Task prompt:
In the records below, find the line with "CLOSE-UP OF GIRAFFE EATING" and the line with "Pony Express Mail"; return exactly those lines and every line between them.

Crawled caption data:
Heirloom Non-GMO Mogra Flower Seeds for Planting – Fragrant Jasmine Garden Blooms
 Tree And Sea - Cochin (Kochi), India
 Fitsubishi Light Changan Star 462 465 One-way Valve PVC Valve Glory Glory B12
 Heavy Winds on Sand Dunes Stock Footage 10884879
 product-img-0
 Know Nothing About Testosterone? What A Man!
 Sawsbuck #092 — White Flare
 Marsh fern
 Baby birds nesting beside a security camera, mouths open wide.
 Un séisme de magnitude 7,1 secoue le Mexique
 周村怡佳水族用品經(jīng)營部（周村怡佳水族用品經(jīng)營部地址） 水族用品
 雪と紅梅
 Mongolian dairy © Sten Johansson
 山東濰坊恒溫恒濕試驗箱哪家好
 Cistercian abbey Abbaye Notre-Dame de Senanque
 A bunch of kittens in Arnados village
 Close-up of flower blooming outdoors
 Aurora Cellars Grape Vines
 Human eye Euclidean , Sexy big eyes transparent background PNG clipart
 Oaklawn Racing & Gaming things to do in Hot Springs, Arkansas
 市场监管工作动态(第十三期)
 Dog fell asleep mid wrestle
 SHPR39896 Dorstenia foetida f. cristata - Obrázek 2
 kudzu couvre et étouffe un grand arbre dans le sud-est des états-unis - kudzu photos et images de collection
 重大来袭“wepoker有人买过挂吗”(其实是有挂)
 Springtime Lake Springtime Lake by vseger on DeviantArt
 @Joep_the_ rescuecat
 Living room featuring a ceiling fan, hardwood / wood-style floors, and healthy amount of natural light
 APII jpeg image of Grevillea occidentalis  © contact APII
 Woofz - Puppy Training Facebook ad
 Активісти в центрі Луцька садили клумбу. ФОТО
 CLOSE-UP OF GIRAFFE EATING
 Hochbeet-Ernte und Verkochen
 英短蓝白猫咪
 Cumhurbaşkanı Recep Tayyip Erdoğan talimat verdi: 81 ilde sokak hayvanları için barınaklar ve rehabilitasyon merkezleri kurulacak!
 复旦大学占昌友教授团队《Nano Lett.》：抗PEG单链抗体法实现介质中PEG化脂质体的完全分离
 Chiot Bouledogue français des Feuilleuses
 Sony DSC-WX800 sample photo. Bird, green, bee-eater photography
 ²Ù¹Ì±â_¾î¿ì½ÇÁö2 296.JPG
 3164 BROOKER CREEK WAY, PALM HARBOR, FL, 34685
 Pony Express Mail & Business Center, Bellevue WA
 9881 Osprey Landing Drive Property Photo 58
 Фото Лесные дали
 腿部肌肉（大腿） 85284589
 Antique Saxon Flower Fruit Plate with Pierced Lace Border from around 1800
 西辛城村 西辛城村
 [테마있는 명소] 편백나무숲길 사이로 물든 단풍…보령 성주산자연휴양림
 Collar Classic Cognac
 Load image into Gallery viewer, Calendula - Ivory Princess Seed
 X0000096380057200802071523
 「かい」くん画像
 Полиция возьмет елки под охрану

Exercise answer:
 CLOSE-UP OF GIRAFFE EATING
 Hochbeet-Ernte und Verkochen
 英短蓝白猫咪
 Cumhurbaşkanı Recep Tayyip Erdoğan talimat verdi: 81 ilde sokak hayvanları için barınaklar ve rehabilitasyon merkezleri kurulacak!
 复旦大学占昌友教授团队《Nano Lett.》：抗PEG单链抗体法实现介质中PEG化脂质体的完全分离
 Chiot Bouledogue français des Feuilleuses
 Sony DSC-WX800 sample photo. Bird, green, bee-eater photography
 ²Ù¹Ì±â_¾î¿ì½ÇÁö2 296.JPG
 3164 BROOKER CREEK WAY, PALM HARBOR, FL, 34685
 Pony Express Mail & Business Center, Bellevue WA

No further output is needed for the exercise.